Doc2vec is the set of techniques that lets us turn a document into a vector. Often, we want to use embeddings as sparser features for other tasks, like classification. How can we combine these word-level features into document-level features? One common way is to simply average the word-level vectors. This makes intuitive sense because we are hoping that the vector space represents a vague idea of meaning. So if we average all the vectors in a document, we should get the “average” meaning of the document.
The problem with this approach comes in when we consider rarity of words. Recalling our conversation on TF.IDF, it is often the case that unimportant words have a high frequency. For example, consider a clinical note. We may find a large number of generic words that are common to all notes.

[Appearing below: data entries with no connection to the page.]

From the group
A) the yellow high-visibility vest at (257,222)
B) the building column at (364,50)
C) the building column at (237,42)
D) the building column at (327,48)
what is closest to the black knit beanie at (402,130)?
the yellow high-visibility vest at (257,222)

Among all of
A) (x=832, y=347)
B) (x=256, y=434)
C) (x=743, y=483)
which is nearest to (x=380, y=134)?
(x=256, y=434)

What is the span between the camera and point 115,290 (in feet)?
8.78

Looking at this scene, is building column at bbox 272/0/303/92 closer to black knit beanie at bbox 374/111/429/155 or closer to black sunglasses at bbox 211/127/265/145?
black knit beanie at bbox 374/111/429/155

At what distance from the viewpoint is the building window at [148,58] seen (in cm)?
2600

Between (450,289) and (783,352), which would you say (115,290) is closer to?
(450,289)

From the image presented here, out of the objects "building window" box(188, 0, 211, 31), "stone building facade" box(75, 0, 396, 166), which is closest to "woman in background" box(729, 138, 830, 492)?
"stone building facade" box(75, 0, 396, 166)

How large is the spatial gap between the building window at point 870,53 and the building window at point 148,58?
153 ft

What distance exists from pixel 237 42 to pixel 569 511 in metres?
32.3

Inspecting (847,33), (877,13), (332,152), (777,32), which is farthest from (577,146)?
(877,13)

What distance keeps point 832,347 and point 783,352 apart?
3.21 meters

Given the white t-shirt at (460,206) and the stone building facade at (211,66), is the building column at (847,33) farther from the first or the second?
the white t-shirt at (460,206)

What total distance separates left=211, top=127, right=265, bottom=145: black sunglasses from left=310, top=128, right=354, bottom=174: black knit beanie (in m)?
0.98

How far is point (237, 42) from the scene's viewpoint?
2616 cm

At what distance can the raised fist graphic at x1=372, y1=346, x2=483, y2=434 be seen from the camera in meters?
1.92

This can present a problem because these words will pull all of our documents toward a small number of places in our vector space. A model could still separate them, but it will converge more slowly. Worse yet, if there are natural clusters within the corpus, in other words, clinical notes from different departments, we may have a number of tightly packed clusters of documents. What we want is to be able to characterize a document by the words that are most important to that unique document. There are a few approaches for doing this.
You can perform weighted averaging on the word vectors by using IDF values as weights. This will help reduce the effect that more common words have on the document vector. This approach has the benefit of being simple to implement. Indeed, if you are using a static embedding technique, you can simply scale the vectors by the IDF values. There will be no need to compute this at evaluation time. The downside is that this is a bag-of-words approach and does not take into account the relationships between words.

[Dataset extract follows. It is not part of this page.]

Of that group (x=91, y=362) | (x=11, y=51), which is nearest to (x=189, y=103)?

Another approach is called distributed memory paragraph vectors. This is essentially CBOW, but with an additional set of weights that needs to be learned. In CBOW, we are predicting a word from its context, so we have vectors representing the context as input. For distributed memory paragraph vectors, we concatenate a one-hot encoding of our document IDs to input. This allows us to represent the document with the same dimension as the words.
A third approach to doc2vec parallels the skip-gram approach, distributed bag-of-words paragraph vectors. Recall that skip grams predict the context from a word. In distributed bag-of-words paragraph vectors, you learn to predict a context of the document from its document ID.
These last two approaches have the benefit of learning the relationships between co-occurring words. They are also relatively straightforward to implement if you can implement Word2vec. Their downside is that they learn only documents you have on hand. If you get a new document, you will not be able to produce a vector for it. So these approaches can be used only on offline processes.
When talking about doc2vec, also sometimes known as paragraph2vec, it’s important to keep in mind that it can be applied to different sizes of text, from phrases to whole documents. However, if you are interested in converting phrases to vectors, you may also want to consider incorporating this into your tokenization. You can produce phrases as tokens and then learn one of the word-level embeddings discussed previously.
Let’s see how these techniques work on our classification problem from Chapter 9.
This time, writing code is up to you. Try Spark’s skip-gram implementation, Spark NLP’s pretrained GloVe model, and Spark NLP’s BERT model.